There was a time when landing in a new country meant hunting for a SIM kiosk, handing over your passport, and hoping the staff spoke enough of your language to set up a plan. An eSIM erases all of that. You buy a data plan from an app, scan a QR code, and your phone is online before you have even left the gate.
Because the SIM is built into the handset, there is no tray to pry open and no tiny chip to drop on an airport floor. You can hold several plans at once, switch carriers in a tap, and keep your home number on the physical line for calls and texts. For anyone who crosses borders even a couple of times a year, that convenience quickly pays for itself against the cost of carrier roaming.
The catch is choice. Dozens of providers now compete for the same traveler, and they reprice constantly by destination, so a plan that looks cheap in one region is middling in the next. Below we break down seven travel eSIM providers worth trusting, what each one is genuinely good at, and how to read the trade-offs before you pay. If you are shopping by app rather than by provider, our companion guide to the best eSIM apps for Android and iPhone covers a wider field, including Holafly and other names not reviewed here.
What Matters Most When You Travel
Before the provider names, it helps to know what you are actually weighing. Four things decide whether an eSIM earns its place on your phone, and most travelers rank them in roughly this order.
| What to weigh | Why it matters |
|---|---|
| Coverage | A cheap plan is useless where it has no signal. Check the destination list first. |
| Pricing | Rates swing wildly by region; compare cost per gigabyte, not headline numbers. |
| Ease of use | A clean app and quick QR activation save you stress on arrival day. |
| Security | You are routing real data abroad, so a reputable provider beats a bargain unknown. |
Quick Overview of the Seven Picks
Short on time? Here is the whole field at a glance. Prices are framed in relative terms on purpose, because these providers reprice constantly by destination; treat the table as a sense of where each one sits, then confirm the exact rate in the app before you buy.
| Provider | Coverage | Best for |
|---|---|---|
| Saily | 200 countries | Budget data from a trusted name |
| Airalo | 200+ countries | Widest reach and plan variety |
| Ubigi | 200 countries | 5G in many destinations, big-brand partners |
| AloSIM | 200+ countries | Quick setup with a phone number add-on |
| Jetpac | 200+ destinations | Cheapest local plans and perks |
| Airhub | 190+ countries | Data plus real calls and SMS |
| Flexiroam | 150+ countries | Multi-country and in-flight coverage |
1. Saily
Best for: budget travelers who want a recognizable name behind the plan.

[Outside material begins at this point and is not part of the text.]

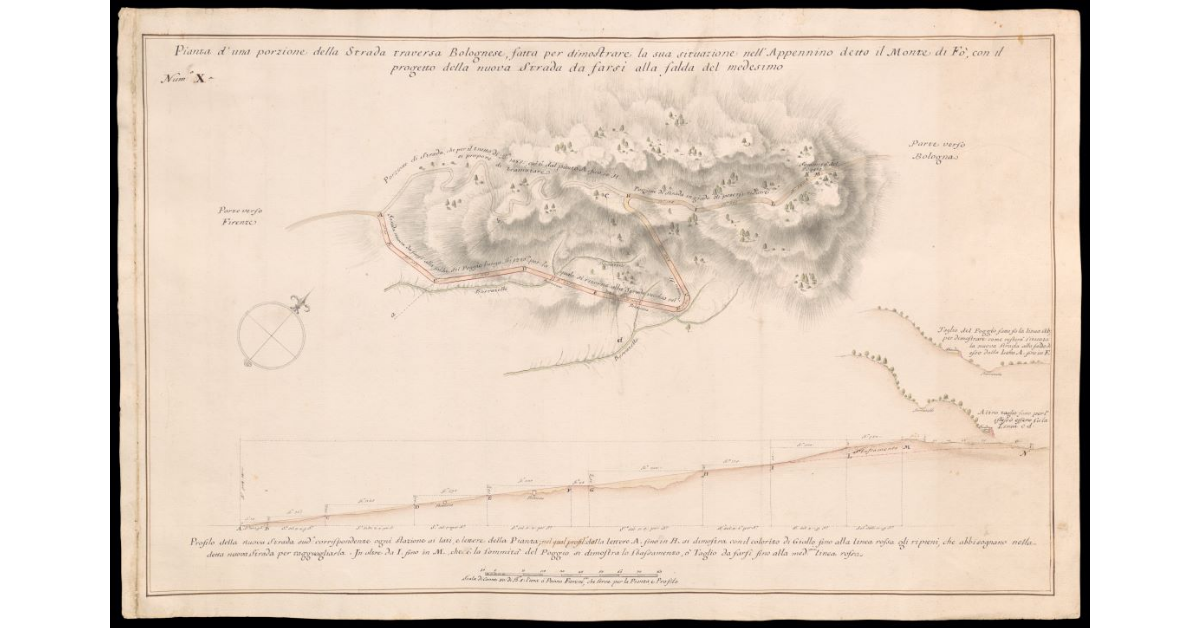 Pianta d'una porzione della Strada Traversa Bolognese fatta per dimostrare la sua situazione nell'Appennino detto il Monte di Fò, con il progetto della nuova strada da farsi alla falda del medesimo per la nuova arteria della Futa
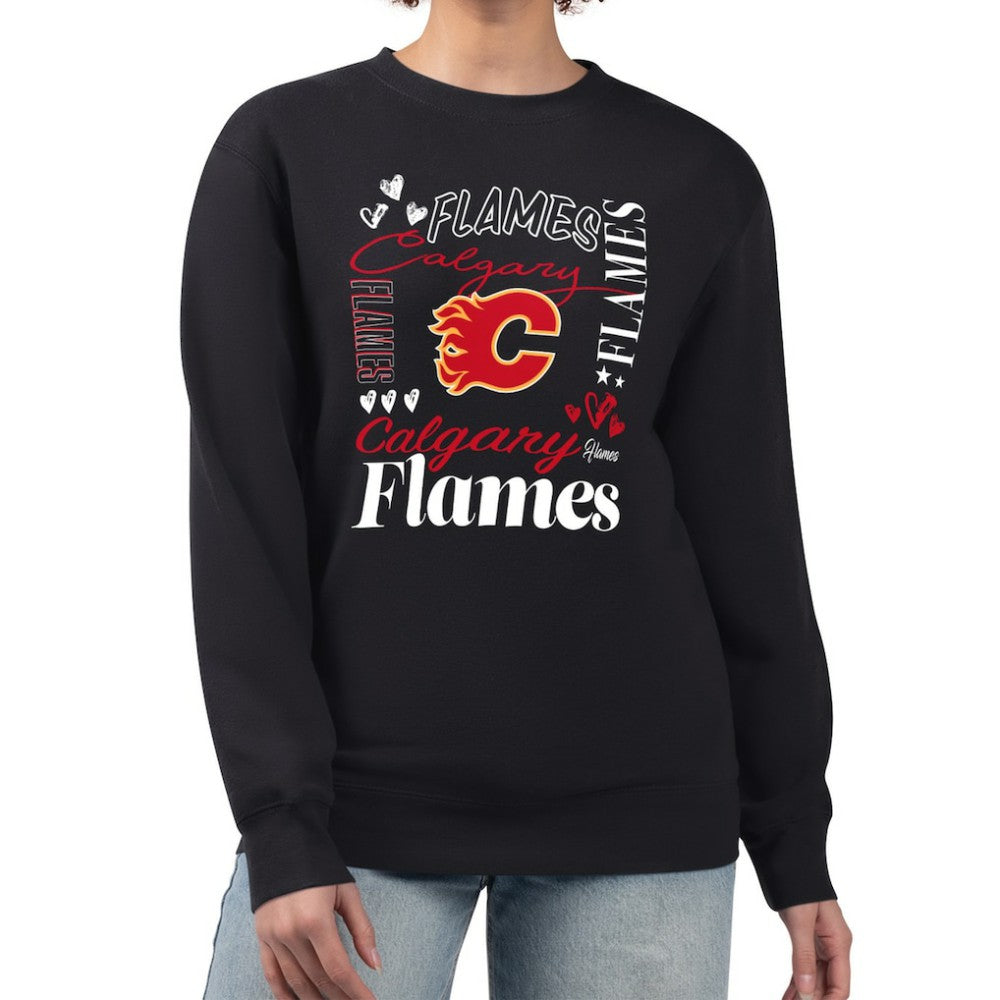 NHL Calgary Flames G-III 4Her by Carl Banks Women's Collage Graphic Fleece Long Sleeve Pullover Sweatshirt - Black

Saily comes from Nord Security, the team behind NordVPN, which buys it instant credibility in a field full of names you have never heard of. It covers around 200 countries with data-only plans, leans on 5G where the local network supports it, and lets you share the connection over an unlimited hotspot. The app is clean on both Android and iOS, and setup takes a couple of minutes.
| Spec | Saily |
|---|---|
| Coverage | Around 200 countries |
| Plan type | Data only, 5G where available |
| Hotspot | Unlimited |
| Starting plan | 1GB / 7 days from about $3.99 |
Plans scale from that 1GB starter up to unlimited bundles for longer trips, so a weekend in Lisbon and a month across Southeast Asia both have a sensible option. One con that older reviews repeat is worth updating: Saily was strictly data-only with no phone number, but it now offers an optional US (+1) number for calls, texts, and two-factor codes, which closes the gap with the voice-capable providers further down this list.
Pros and cons
- Backed by Nord Security, a known privacy brand
- Around 200 countries with unlimited hotspot sharing
- Optional US phone number now available as an add-on
- Con: core plans are still data-first, with voice as an extra
Get started: Visit Website, or grab the app for Download App for Android or Download App for iOS.
2. Airalo

Best for: the safest all-rounder when you want coverage almost anywhere.
Airalo was one of the first eSIM marketplaces and still carries one of the biggest global footprints, with more than 200 countries on offer. You browse by destination, pick a local, regional, or global package, and switch it on when you land. Most plans are data-focused, but Airalo also sells bundles that add calls and SMS in select regions, which makes it flexible for travelers who occasionally need a real phone line.
| Spec | Airalo |
|---|---|
| Coverage | 200+ countries and regions |
| Plan type | Local, regional, and global; calls and SMS in some bundles |
| Hotspot | Unlimited on most plans |
| Starting plan | 1GB from about $4.50 |
The trade-off is that entry plans are not the absolute cheapest here, and support can be slow depending on where and when you reach out. For most people, though, the breadth of coverage and the maturity of the app outweigh those quibbles. Airalo also appears in our wider eSIM apps round-up, where we frame it against a different set of rivals; here it stands as the dependable default for multi-country trips.
Pros and cons
- Among the widest destination coverage in the market
- Local, regional, and global plans in one app
- Calls and SMS available in select bundles
- Con: support can be inconsistent and entry prices are mid-pack
Get started: Visit Website, or grab the app for Download App for Android or Download App for iOS.
3. Ubigi
Best for: travelers who want 5G in more places and a serious pedigree behind it.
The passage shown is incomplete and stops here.